B.C. teachers don’t have to complete report cards: Labour board

Application to amend essential services order dismissed by labour board
|labour-reporter.com|Last Updated: 12/14/2011

An effort to force teachers in British Columbia to complete report cards has been dismissed by the BC Labour Relations Board (LRB).

The application made by the BC Public School Employers Association (BCPSEA — the bargaining agent for the province’s 60 public school boards — intended to vary the essential services order so teachers would be forced to file report cards. Earlier this year, the British Columbia Teachers Federation (BCTF) said its members would not complete the reports as part of their ongoing job action.

The decision noted both parties had agreed to the structure of the essential services order which is in place, and the circumstances that led to BCPSEA’s complaint were not unforeseen or unpredictable. The adjudicator ruled the teachers’ job action is in full compliance with the order and there are no grounds to change it.

“BCTF members are providing a range of feedback to students and parents,” LRB associate chair of adjudication Michael Fleming wrote in his decision. “BCPSEA’s initial application arguably suggested that teachers were refusing to inform parents by other methods regarding the progress of students. However, I find BCPSEA has not provided an evidentiary basis for this suggestion.”

The application also aimed to fine the teachers' federation 15 per cent of teachers' salaries, which the BCPSEA said would be equal to the value of the duties teachers have withdrawn. Fleming ruled against this claim.

“(Teachers) are not performing certain non-essential duties but there is no assertion teachers are working only 85 per cent of their scheduled time while receiving 100 per cent pay,” Fleming wrote.

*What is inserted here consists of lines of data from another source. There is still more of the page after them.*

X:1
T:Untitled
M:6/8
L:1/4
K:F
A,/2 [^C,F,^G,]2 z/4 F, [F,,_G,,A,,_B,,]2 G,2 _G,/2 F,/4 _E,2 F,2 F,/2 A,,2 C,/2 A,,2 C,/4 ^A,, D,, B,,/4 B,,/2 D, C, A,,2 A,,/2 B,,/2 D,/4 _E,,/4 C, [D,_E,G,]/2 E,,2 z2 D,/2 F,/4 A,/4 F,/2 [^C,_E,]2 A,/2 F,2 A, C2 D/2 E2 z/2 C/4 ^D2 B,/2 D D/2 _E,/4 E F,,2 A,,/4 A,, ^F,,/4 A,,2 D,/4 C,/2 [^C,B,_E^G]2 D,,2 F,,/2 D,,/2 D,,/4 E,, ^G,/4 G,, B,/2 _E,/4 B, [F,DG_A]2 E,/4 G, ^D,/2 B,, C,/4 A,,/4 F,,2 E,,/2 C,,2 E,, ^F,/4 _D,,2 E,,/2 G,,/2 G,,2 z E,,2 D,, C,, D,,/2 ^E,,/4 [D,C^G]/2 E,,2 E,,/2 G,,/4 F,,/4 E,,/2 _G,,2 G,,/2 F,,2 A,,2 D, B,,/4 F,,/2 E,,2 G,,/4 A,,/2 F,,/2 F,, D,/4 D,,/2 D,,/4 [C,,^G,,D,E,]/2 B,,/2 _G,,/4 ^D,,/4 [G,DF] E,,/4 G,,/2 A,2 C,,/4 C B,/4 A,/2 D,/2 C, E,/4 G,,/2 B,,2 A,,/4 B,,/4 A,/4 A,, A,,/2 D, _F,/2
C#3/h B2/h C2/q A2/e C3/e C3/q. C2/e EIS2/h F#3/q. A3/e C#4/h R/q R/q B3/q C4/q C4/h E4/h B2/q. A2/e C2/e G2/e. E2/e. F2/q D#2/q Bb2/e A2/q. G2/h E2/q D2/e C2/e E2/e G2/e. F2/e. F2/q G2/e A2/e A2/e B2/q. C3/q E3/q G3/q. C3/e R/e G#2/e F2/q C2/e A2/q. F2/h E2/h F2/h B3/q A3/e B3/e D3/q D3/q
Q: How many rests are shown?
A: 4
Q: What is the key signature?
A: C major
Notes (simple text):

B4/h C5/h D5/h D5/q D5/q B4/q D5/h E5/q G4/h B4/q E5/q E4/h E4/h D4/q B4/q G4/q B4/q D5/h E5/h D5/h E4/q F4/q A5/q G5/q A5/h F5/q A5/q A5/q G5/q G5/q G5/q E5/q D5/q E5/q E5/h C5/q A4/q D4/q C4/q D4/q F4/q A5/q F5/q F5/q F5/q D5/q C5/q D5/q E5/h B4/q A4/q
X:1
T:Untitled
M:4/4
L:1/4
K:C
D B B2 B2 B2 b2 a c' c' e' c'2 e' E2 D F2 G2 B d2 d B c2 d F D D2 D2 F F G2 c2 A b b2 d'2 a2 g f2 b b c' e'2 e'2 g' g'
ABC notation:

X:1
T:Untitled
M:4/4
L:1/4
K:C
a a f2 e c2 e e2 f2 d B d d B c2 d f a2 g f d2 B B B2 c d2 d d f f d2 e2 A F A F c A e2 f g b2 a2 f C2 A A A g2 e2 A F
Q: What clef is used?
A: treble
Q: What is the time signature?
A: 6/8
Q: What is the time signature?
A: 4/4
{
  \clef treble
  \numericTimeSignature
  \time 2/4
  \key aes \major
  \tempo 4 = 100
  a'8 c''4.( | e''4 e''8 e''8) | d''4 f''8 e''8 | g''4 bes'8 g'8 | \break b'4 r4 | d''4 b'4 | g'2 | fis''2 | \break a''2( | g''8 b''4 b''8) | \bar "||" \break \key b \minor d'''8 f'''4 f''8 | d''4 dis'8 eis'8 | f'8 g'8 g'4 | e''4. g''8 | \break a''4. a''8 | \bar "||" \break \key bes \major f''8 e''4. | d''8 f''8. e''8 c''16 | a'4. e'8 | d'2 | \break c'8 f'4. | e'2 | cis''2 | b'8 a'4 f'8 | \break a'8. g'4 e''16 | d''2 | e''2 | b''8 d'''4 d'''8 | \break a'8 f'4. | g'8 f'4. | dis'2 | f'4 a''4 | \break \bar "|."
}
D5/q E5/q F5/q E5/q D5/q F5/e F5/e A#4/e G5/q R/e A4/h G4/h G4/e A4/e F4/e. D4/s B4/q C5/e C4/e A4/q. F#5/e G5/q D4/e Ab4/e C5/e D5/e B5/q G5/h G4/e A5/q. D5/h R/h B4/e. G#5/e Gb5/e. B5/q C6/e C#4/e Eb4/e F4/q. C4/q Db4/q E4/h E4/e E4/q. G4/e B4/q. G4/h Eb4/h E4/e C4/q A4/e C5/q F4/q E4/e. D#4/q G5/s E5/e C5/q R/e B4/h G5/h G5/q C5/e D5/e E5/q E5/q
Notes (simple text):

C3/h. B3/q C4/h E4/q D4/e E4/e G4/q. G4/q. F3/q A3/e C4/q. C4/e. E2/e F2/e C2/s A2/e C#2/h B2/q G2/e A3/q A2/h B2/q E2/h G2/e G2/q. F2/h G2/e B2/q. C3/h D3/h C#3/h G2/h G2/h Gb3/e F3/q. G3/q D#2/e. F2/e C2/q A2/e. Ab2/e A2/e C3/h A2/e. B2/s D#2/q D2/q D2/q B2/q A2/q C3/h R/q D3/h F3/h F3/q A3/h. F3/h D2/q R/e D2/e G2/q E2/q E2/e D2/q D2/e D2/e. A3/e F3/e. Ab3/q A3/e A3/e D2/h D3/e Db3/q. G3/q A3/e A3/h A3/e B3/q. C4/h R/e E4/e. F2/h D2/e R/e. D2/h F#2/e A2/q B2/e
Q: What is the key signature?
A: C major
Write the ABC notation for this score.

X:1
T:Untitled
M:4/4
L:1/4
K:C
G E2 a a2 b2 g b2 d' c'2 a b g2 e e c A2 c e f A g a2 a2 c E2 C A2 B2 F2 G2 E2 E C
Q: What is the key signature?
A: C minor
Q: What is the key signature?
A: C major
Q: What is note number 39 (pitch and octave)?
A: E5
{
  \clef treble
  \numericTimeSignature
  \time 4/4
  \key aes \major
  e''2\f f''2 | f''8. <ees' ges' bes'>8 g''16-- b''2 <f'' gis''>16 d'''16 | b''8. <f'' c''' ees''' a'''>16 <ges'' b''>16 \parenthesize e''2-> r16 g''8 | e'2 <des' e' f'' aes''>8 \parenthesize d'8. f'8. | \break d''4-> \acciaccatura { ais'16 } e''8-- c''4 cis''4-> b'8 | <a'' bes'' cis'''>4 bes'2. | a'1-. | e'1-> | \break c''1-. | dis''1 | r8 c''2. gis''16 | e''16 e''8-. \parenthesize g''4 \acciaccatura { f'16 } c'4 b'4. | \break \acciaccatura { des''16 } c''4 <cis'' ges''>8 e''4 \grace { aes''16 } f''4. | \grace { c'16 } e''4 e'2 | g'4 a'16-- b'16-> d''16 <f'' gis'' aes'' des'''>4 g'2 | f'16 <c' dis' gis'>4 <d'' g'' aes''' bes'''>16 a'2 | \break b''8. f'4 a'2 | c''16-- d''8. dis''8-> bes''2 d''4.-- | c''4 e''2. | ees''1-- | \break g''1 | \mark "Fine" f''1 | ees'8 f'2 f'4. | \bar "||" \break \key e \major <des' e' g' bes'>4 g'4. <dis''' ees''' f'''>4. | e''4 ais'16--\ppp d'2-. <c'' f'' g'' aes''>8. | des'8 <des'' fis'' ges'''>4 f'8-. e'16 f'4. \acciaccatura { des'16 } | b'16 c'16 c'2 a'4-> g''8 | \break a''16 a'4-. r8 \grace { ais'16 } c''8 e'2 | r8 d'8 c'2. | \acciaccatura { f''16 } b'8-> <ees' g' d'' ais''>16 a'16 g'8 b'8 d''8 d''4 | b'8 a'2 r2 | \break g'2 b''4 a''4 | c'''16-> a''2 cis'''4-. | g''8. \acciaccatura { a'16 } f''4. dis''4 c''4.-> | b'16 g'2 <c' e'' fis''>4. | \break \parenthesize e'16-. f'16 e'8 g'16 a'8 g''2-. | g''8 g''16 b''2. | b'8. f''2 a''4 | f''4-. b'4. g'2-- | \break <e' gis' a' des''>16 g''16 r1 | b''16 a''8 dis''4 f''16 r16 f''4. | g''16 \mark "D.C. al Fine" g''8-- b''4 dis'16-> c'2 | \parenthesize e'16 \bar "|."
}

The teachers’ union is pleased with the decision.

“Now the LRB has sent a strong message to trustees,” says BCTF president Susan Lambert. “Instead of attempting to put more pressure on teachers, they should be pressuring government to send BCPSEA back to the table with a new mandate to negotiate a collective agreement that respects teachers and meets the needs of students.”

While no formal statement has been made by the BCPSEA, vice-chair Alan Chell called the ruling a "disappointment" after hearing the decision.

About 41,000 BCTF members have been without a contract since June 30, 2011.